README.md•8.79 kB
# 🎬 YouTube Transcript DL MCP Server
A comprehensive MCP (Model Context Protocol) server for extracting YouTube video transcripts with support for multiple transports (stdio, SSE, HTTP), Docker deployment, and npm package distribution.
## ✨ Features
- 🎯 **Multiple Transport Support**: stdio, Server-Sent Events (SSE), and HTTP
- 📹 **Comprehensive Transcript Extraction**: Single videos, bulk processing, and playlists
- 🌍 **Multi-language Support**: Extract transcripts in different languages
- 📝 **Multiple Output Formats**: Text, JSON, and SRT subtitle formats
- 🚀 **High Performance**: Built-in caching and rate limiting
- 🐳 **Docker Ready**: Full containerization support
- 📦 **npm Package**: Easy installation and distribution
- 🧪 **Test-Driven Development**: Comprehensive test suite with 90%+ coverage
- 🔧 **TypeScript**: Full type safety and modern JavaScript features
## 📦 Installation
### 🔧 As an npm package
```bash
npm install -g yt-transcript-dl-mcp
```
### 🛠️ From source
```bash
git clone <repository-url>
cd yt-transcript-dl-repo
npm install
npm run build
```
### 🐳 Docker
```bash
# From GitHub Container Registry (recommended)
docker pull ghcr.io/jedarden/yt-transcript-dl-mcp:latest
docker run -p 3001:3001 -p 3002:3002 ghcr.io/jedarden/yt-transcript-dl-mcp:latest --multi-transport
# Build from source
docker build -t yt-transcript-dl-mcp .
docker run -p 3001:3001 -p 3002:3002 yt-transcript-dl-mcp --multi-transport
```
## 🚀 Usage
### 🖥️ MCP Server
Start the MCP server in different modes:
```bash
# Stdio mode (default)
yt-transcript-dl-mcp start
# SSE mode
yt-transcript-dl-mcp start --transport sse --port 3000
# HTTP mode
yt-transcript-dl-mcp start --transport http --port 3000
# With verbose logging
yt-transcript-dl-mcp start --verbose
```
### 💻 CLI Tool
Test the server with a sample video:
```bash
# Test with a YouTube video
yt-transcript-dl-mcp test dQw4w9WgXcQ
# Test with different language
yt-transcript-dl-mcp test dQw4w9WgXcQ --language es
# Test with different format
yt-transcript-dl-mcp test dQw4w9WgXcQ --format srt
```
### 🔧 Programmatic Usage
```typescript
import { YouTubeTranscriptService } from 'yt-transcript-dl-mcp';
const service = new YouTubeTranscriptService();
// Extract single video transcript
const result = await service.getTranscript('dQw4w9WgXcQ', 'en', 'json');
console.log(result);
// Bulk processing
const bulkResult = await service.getBulkTranscripts({
videoIds: ['dQw4w9WgXcQ', 'jNQXAC9IVRw'],
outputFormat: 'json',
language: 'en'
});
console.log(bulkResult);
```
## 🛠️ MCP Tools
The server provides the following MCP tools:
### `get_transcript`
Extract transcript from a single YouTube video.
**Parameters:**
- `videoId` (required): YouTube video ID or URL
- `language` (optional): Language code (default: 'en')
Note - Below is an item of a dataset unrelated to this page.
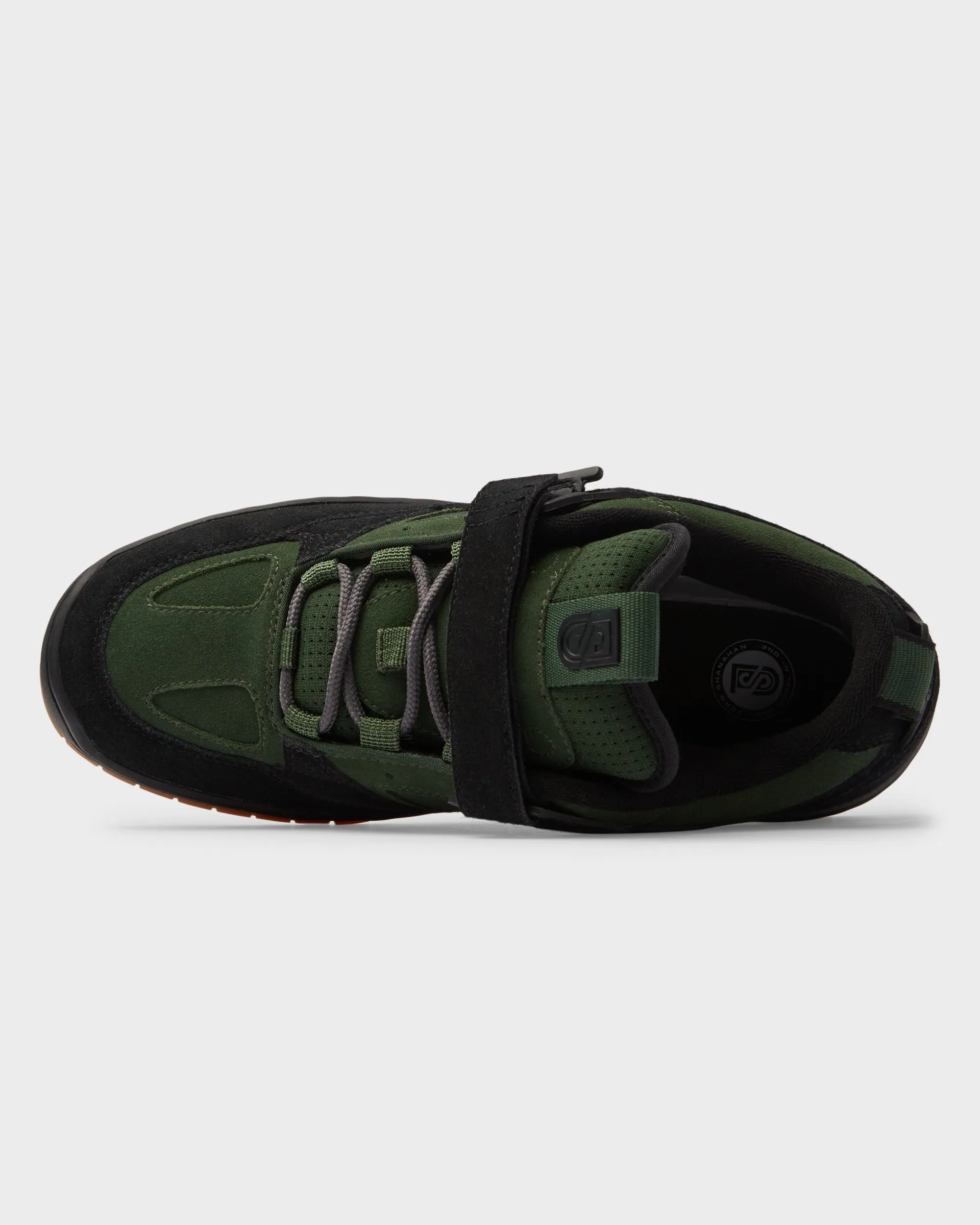 Mens JS 1 Shoes Fit Focus Build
- `format` (optional): Output format - 'text', 'json', or 'srt' (default: 'json')
### `get_bulk_transcripts`
Extract transcripts from multiple YouTube videos.
**Parameters:**
- `videoIds` (required): Array of YouTube video IDs or URLs
- `language` (optional): Language code (default: 'en')
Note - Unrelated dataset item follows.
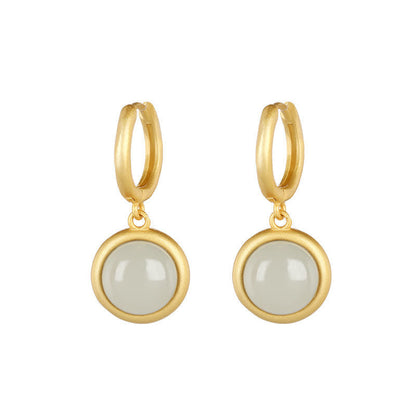 Argento Orecchino affascinante per ogni occasione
- `outputFormat` (optional): Output format - 'text', 'json', or 'srt' (default: 'json')
- `includeMetadata` (optional): Include metadata in response (default: true)
### `get_playlist_transcripts`
Extract transcripts from all videos in a YouTube playlist.
**Parameters:**
- `playlistId` (required): YouTube playlist ID or URL
- `language` (optional): Language code (default: 'en')
- `outputFormat` (optional): Output format - 'text', 'json', or 'srt' (default: 'json')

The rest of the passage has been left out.